The administration has ruled out the use of ground forces, as have many experts. So, do those who advocate a march on Baghdad really know what they are talking about?
Baghdad is approximately 300 miles from the Kuwait border, much of it over desert terrain. Beginning about now, the daytime temperatures rise to well above 100 degrees F. The logistics will be formidable. Given the real likelihood that Saudi Arabia would not support such action, narrow Kuwait would be the only entry and staging point. The US would be fighting alone.
And when the forces reach Baghdad, what then? It is possible that the city's people would greet the Americans as liberators, but that's not certain. Iraqis have a deep dislike of outsiders, stemming from Ottoman exploitation and the royal regime imposed on them in the British mandate. The US might find itself in a long, unpleasant occupation.
Nuri al-Said, the Iraqi strongman during the monarchy, once told an American ambassador that, if the unity of the three parts of the country - Kurdish north, Sunni center, and Shiite south - was ever destroyed, the country would be "ungovernable." That unity has been destroyed; an occupying power would need to find a leader who could bring together a deeply divided nation.
Radio broadcasts, governments-in-exile, and covert action plans all face the same dilemma: On whom would the US build an anti-Saddam coalition?
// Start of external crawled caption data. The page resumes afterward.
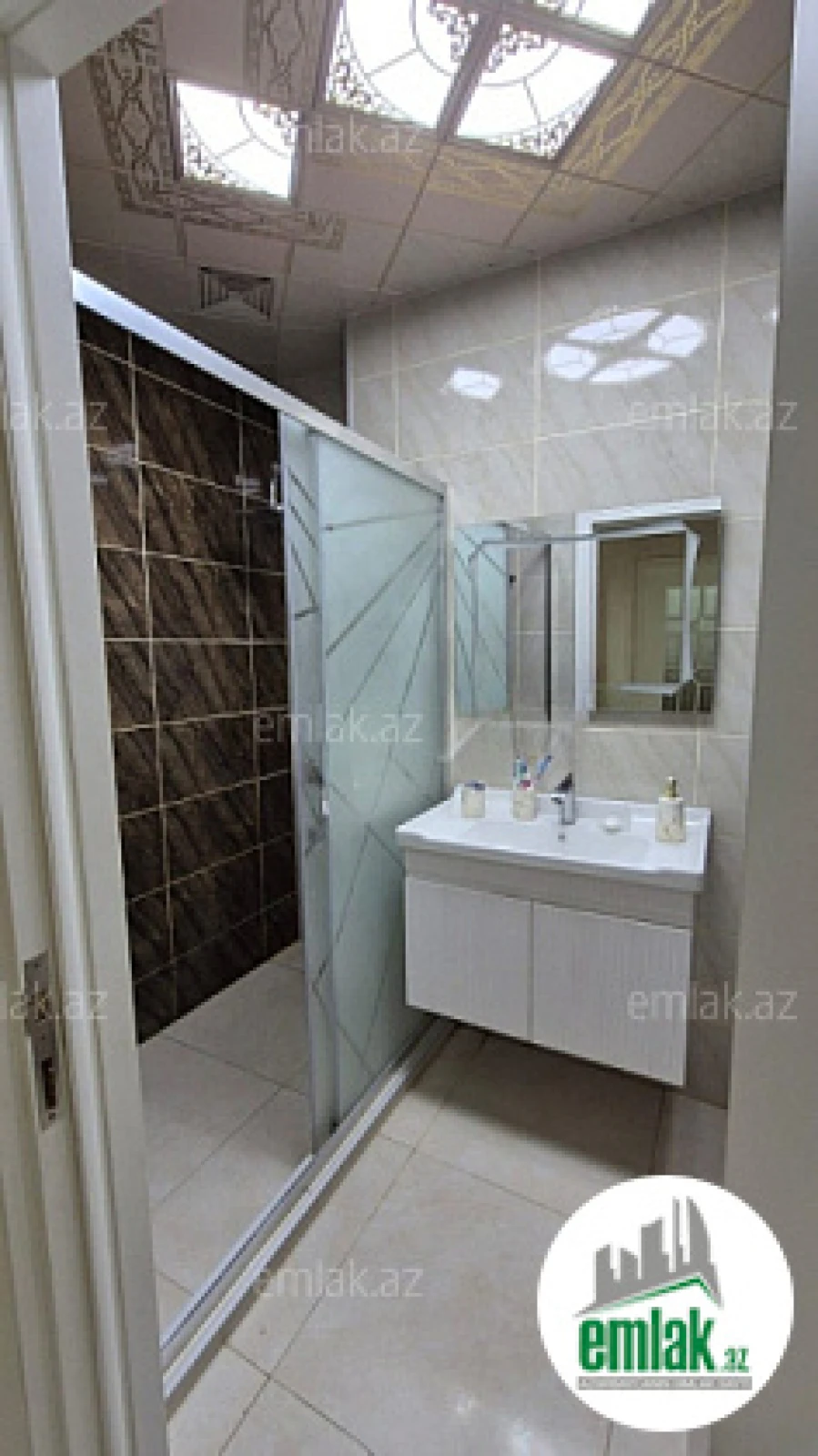 Satılır 3 otaqlı yeni tikili 85 m²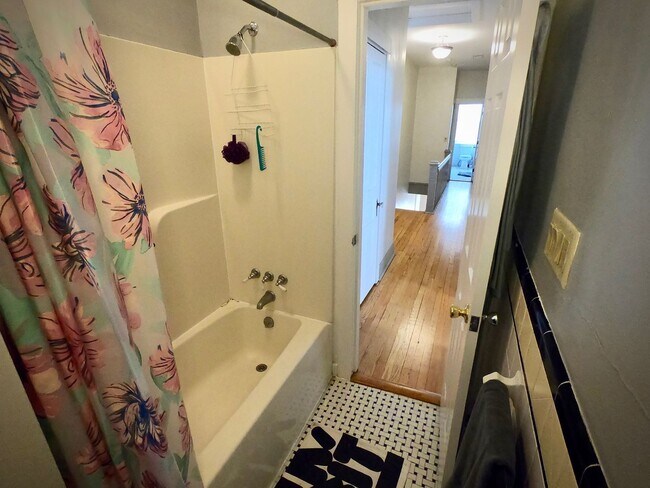 Building Photo - 5444 Claybourne St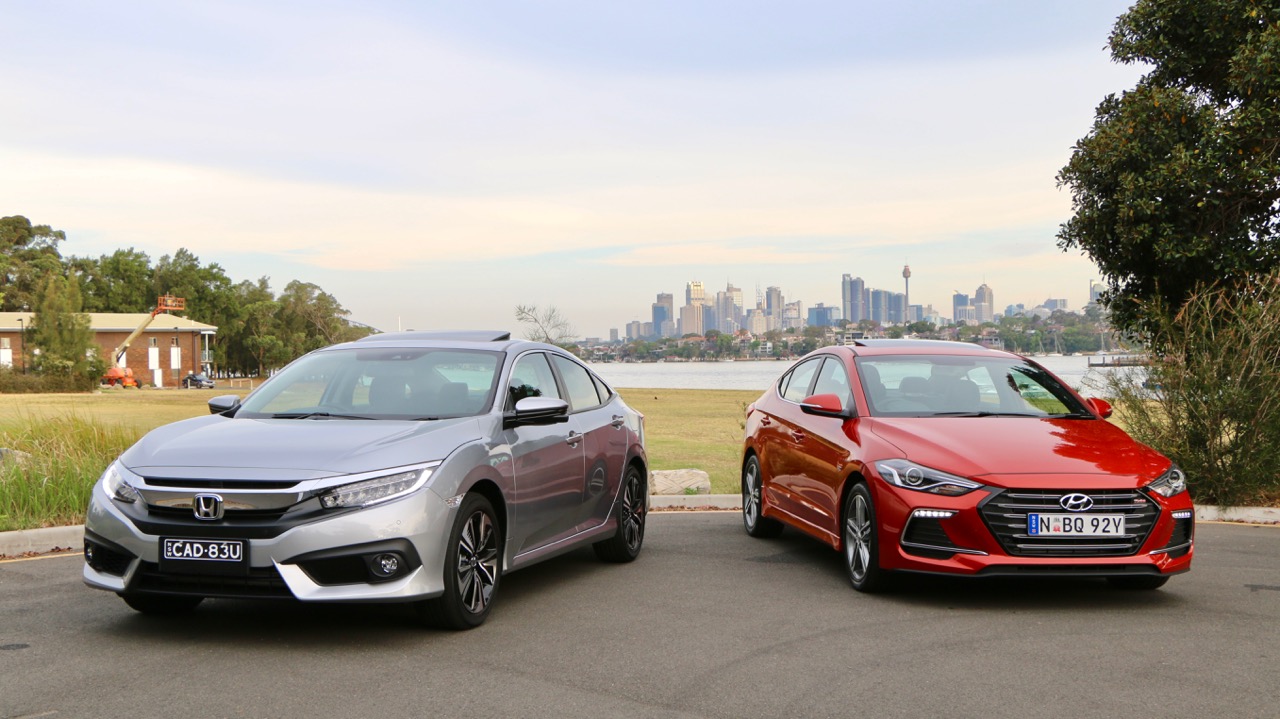 Hyundai Elantra SR Turbo vs Honda Civic Turbo Comparison Review
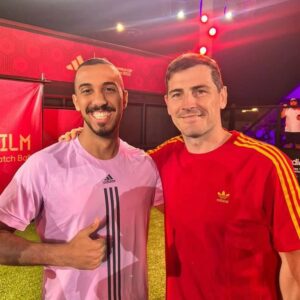 Iker Casillas Instagram - With my friend @omar_abuz !! New ball is coming!! ⚽️ 
@fifaworldcup @adidas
US credibility among potential opponents can't be high. President Bush's encouragement to Iraqis to rise against Saddam left many Shiites and Kurds exposed and punished when US help didn't materialize. The failed CIA attempt to use the Kurds in the North and the resulting execution of several hundred Iraqis cannot have inspired confidence in the US ability to conduct covert action.
Any action against Saddam will face the stark intimidation of past executions and at least three levels of security forces. Does the US have the knowledge of Iraq to undertake a reconstruction of its political structure? Where among the fractious Iraqi exiles is a leader who would inspire confidence in Baghdad? How many Americans who might direct a covert action program speak Iraqi Arabic or have familiarity with that country's diverse groups and personalities? Neighboring Arabs, unsympathetic to the overthrow of regimes, the presence of foreign forces, or the breakup of Iraq, would be of little help.
Given the highly doubtful capacity of the US to engineer Saddam's overthrow, the constant talk of this objective serves little purpose. It probably neither frightens nor intimidates Saddam. And it increases his suspicions of US motives and actions in negotiations over the arms inspection process.
Containment and diplomacy are unpopular words to those impatient with Washington's inability to get rid of the Iraqi problem and Saddam's weapons of mass destruction. But, realistically, other options risk involving the US, alone, deeply in the politics and factions of a complicated land and region.